WHEN does a civil war reach a point where the international community has to take military action to save the lives of civilians and stop a growing humanitarian crisis?
In Libya the West intervened when it became clear that rebel forces were about to be defeated, a controversial move which removed a dictator but answered no questions about why and when foreign forces should take sides in a civil war.
There is no clarity yet on who was responsible for the atrocity in Syria this week. But the death toll continues to rise, with more than 1 000 men, women and children slain in what appears to be a chemical weapons attack in a rebel-held area. Reports backed by photographs and videos show evidence that a number of rockets carrying chemical warheads hit several towns, in the world’s worst chemical attack since the 1980s.

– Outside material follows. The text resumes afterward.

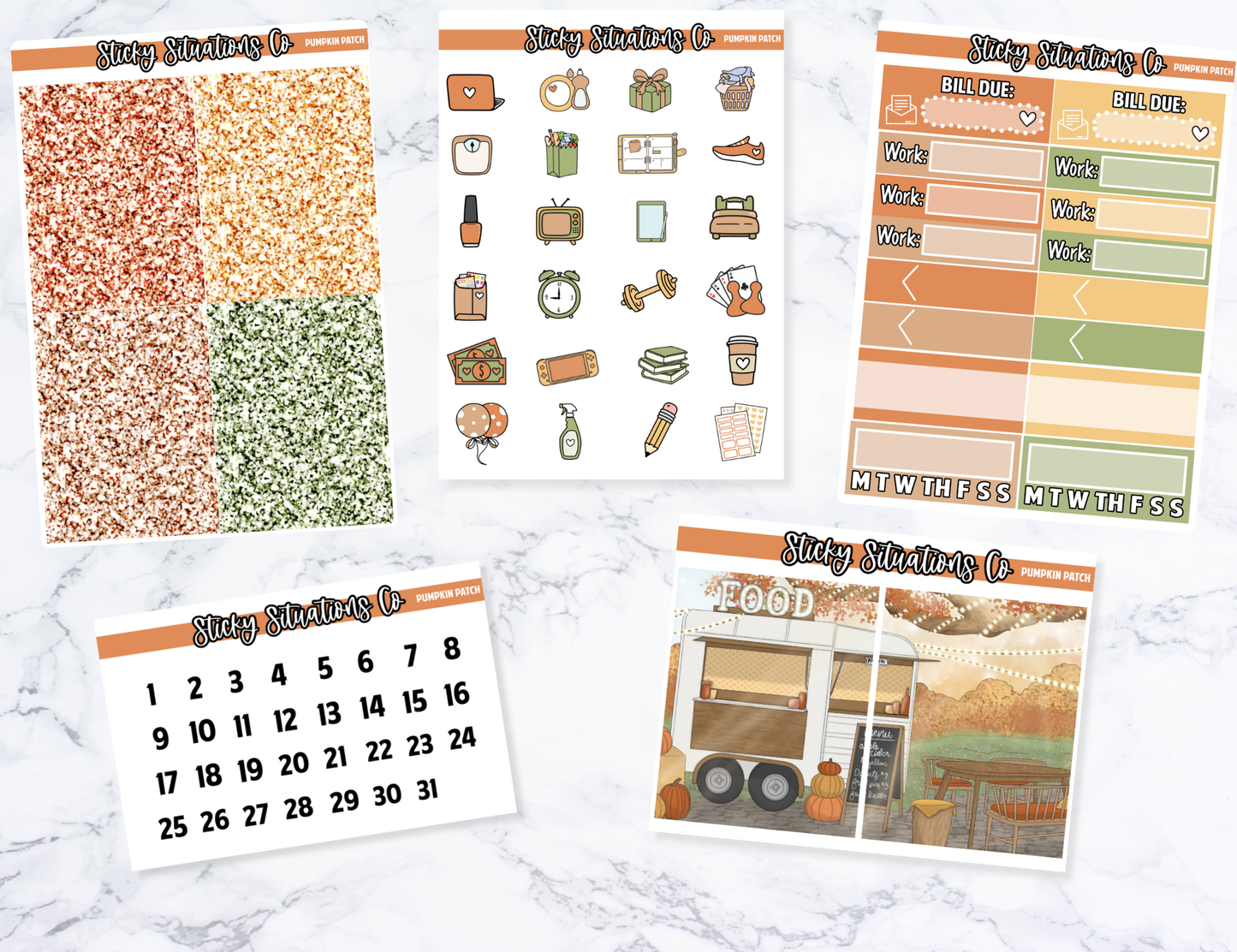 Pumpkin  Patch Full Vertical Planner Sticker Kit – Fun and Bright Matte Stickers for Weekly Layouts | Perfect for Fall Planning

The Syrian government denies responsibility and allegations that it has engaged in chemical warfare against its own people.
Accusations of the use of weapons of mass destruction have previously been levelled against both sides in the conflict and a UN team is already in the country to investigate other claims of the use of such weapons, although not on the scale of this atrocity.
US President Barack Obama said earlier in the two-and-a-half year conflict that the use of chemical weapons was a “red line” which could not be crossed without consequences. He may well have come to regret that as an empty threat as reports of small-scale attacks have gone unpunished.
But now action is unavoidable should the present accusations prove to be true.
The UN should investigate the atrocity without delay, and the truth behind this grotesque act must be proven.
Then it will be up to the world body to decide how to pressure the culprits, whoever they are, into surrender and bring them before the International Criminal Court.